> What you need to do
Nothing outside the lines below from the one containing "PLAY PICTORIAL magazine" through the one containing "Qty 4: Heavy" is to be printed; print those exactly, ends included, and drop the pictures.

++++ Provided records

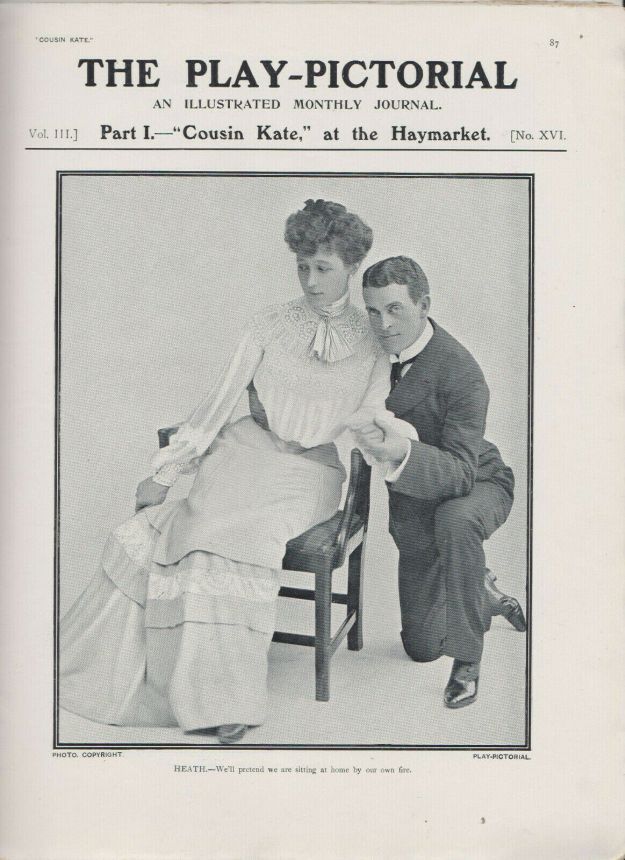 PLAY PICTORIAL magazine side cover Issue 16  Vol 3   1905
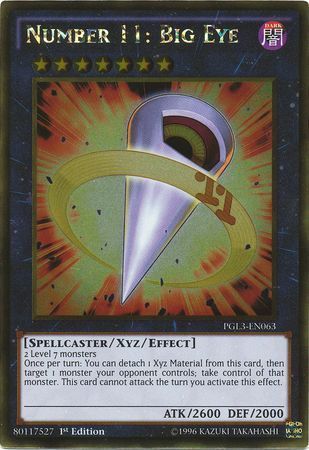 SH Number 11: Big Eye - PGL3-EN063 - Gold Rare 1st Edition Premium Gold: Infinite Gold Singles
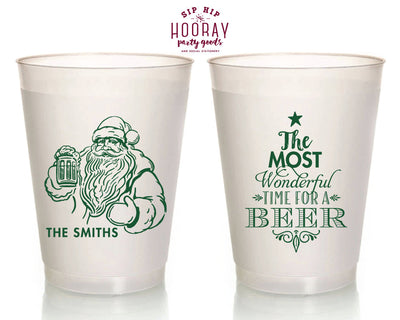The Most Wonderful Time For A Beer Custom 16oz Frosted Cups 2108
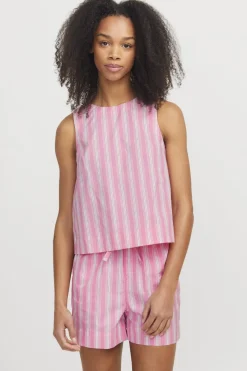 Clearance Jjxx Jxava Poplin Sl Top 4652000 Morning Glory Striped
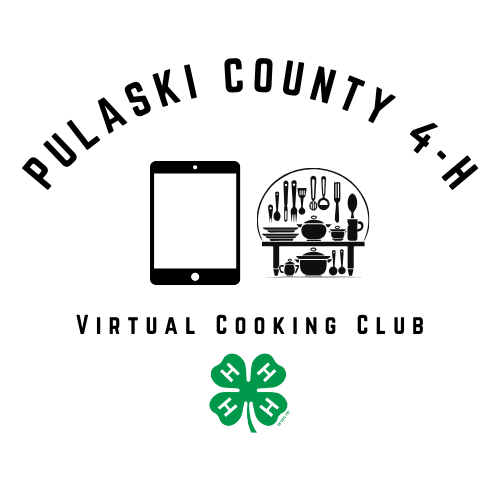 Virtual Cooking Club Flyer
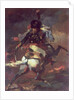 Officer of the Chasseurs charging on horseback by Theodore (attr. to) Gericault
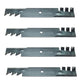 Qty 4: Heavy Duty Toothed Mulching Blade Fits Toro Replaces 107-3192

++++++++
++++ Provided records

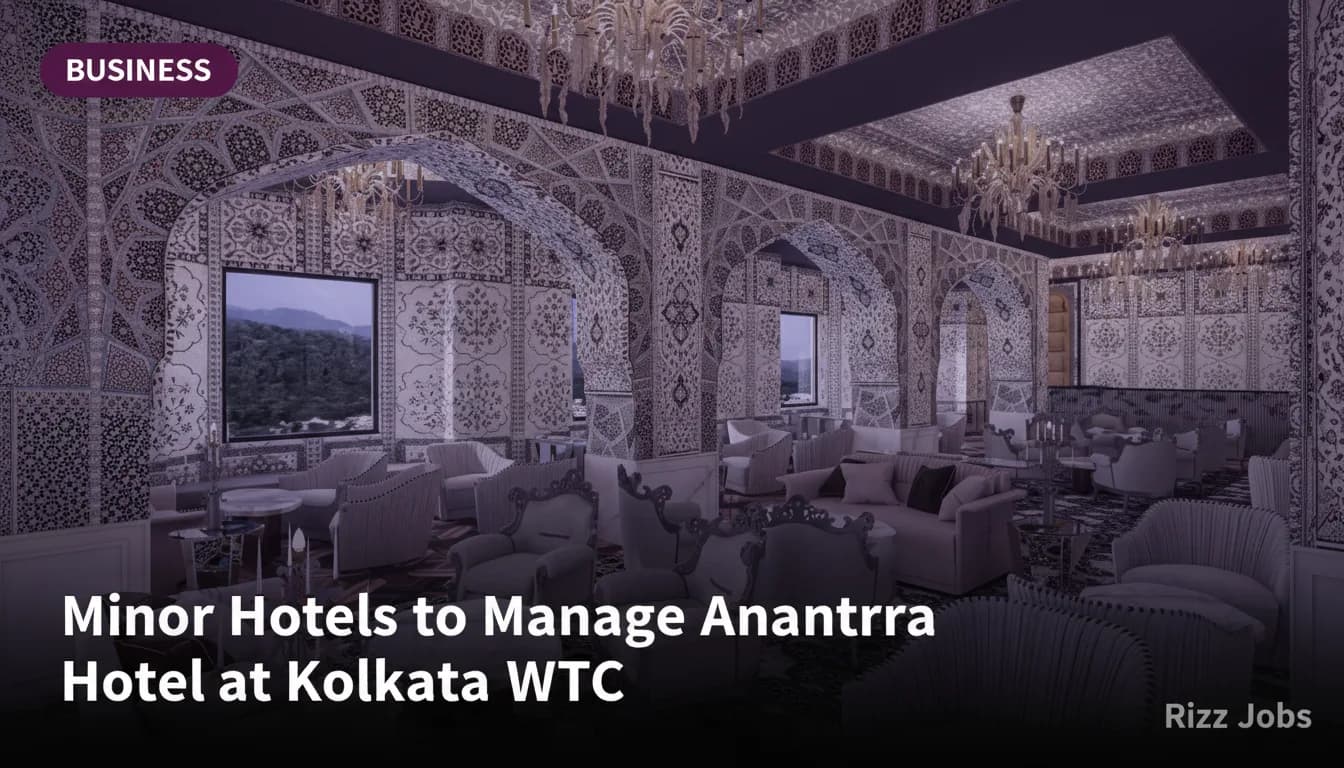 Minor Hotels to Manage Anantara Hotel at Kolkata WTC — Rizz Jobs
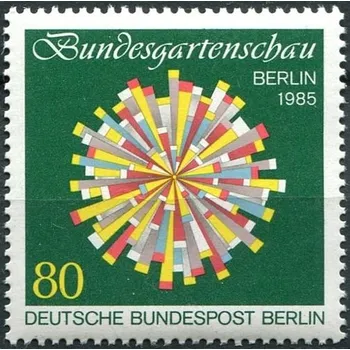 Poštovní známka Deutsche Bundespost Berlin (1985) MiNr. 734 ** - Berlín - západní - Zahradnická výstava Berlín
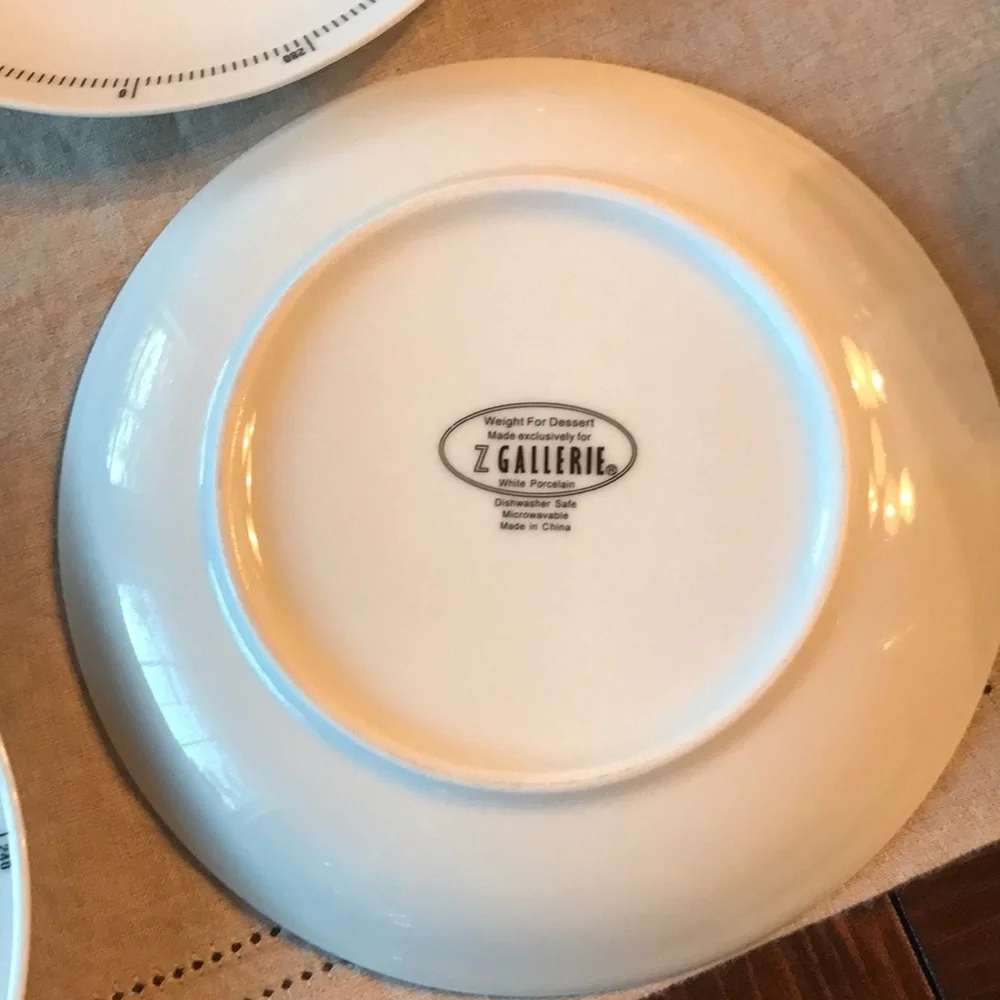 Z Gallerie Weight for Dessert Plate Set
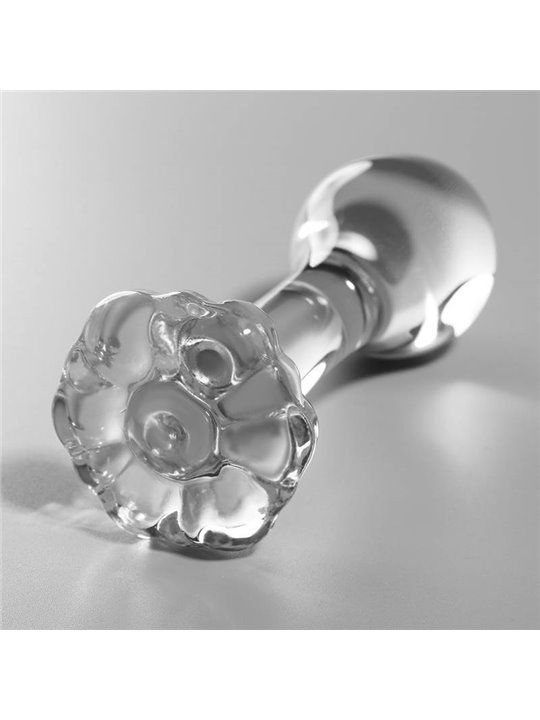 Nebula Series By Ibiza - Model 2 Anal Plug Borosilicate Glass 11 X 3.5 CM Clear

++++++++

> Solution to this problem
 PLAY PICTORIAL magazine side cover Issue 16  Vol 3   1905
 SH Number 11: Big Eye - PGL3-EN063 - Gold Rare 1st Edition Premium Gold: Infinite Gold Singles
The Most Wonderful Time For A Beer Custom 16oz Frosted Cups 2108
 Clearance Jjxx Jxava Poplin Sl Top 4652000 Morning Glory Striped
 Virtual Cooking Club Flyer
 Officer of the Chasseurs charging on horseback by Theodore (attr. to) Gericault
 Qty 4: Heavy Duty Toothed Mulching Blade Fits Toro Replaces 107-3192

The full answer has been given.